_What to do:_
Please reproduce, exactly and with nothing else, every line from the one containing "Pave Diamond EngagementRing" through the last line of the records below.

Stored data
┌──

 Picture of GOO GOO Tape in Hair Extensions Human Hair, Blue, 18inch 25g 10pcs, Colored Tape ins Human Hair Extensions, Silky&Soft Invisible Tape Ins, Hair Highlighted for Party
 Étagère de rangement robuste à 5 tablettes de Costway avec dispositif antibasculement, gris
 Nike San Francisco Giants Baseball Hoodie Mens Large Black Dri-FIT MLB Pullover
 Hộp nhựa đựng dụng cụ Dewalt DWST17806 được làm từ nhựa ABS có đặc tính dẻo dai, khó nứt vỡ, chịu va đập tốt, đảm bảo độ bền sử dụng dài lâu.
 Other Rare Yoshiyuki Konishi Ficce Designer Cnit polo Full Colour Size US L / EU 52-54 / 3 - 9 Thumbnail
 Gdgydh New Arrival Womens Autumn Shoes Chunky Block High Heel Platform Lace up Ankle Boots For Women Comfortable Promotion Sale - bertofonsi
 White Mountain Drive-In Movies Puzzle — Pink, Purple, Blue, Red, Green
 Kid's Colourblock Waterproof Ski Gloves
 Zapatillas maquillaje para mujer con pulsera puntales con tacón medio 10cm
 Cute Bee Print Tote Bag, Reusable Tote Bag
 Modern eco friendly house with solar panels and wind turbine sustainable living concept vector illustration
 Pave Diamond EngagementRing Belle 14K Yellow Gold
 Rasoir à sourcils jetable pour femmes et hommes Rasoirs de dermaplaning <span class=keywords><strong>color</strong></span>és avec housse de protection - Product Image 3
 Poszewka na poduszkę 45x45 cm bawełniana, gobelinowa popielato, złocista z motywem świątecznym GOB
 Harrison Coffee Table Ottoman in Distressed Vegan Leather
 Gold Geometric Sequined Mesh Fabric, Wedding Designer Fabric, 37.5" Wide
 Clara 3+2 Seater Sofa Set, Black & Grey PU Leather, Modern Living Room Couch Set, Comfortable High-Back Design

└──

_Solution to this problem:_
 Pave Diamond EngagementRing Belle 14K Yellow Gold
 Rasoir à sourcils jetable pour femmes et hommes Rasoirs de dermaplaning <span class=keywords><strong>color</strong></span>és avec housse de protection - Product Image 3
 Poszewka na poduszkę 45x45 cm bawełniana, gobelinowa popielato, złocista z motywem świątecznym GOB
 Harrison Coffee Table Ottoman in Distressed Vegan Leather
 Gold Geometric Sequined Mesh Fabric, Wedding Designer Fabric, 37.5" Wide
 Clara 3+2 Seater Sofa Set, Black & Grey PU Leather, Modern Living Room Couch Set, Comfortable High-Back Design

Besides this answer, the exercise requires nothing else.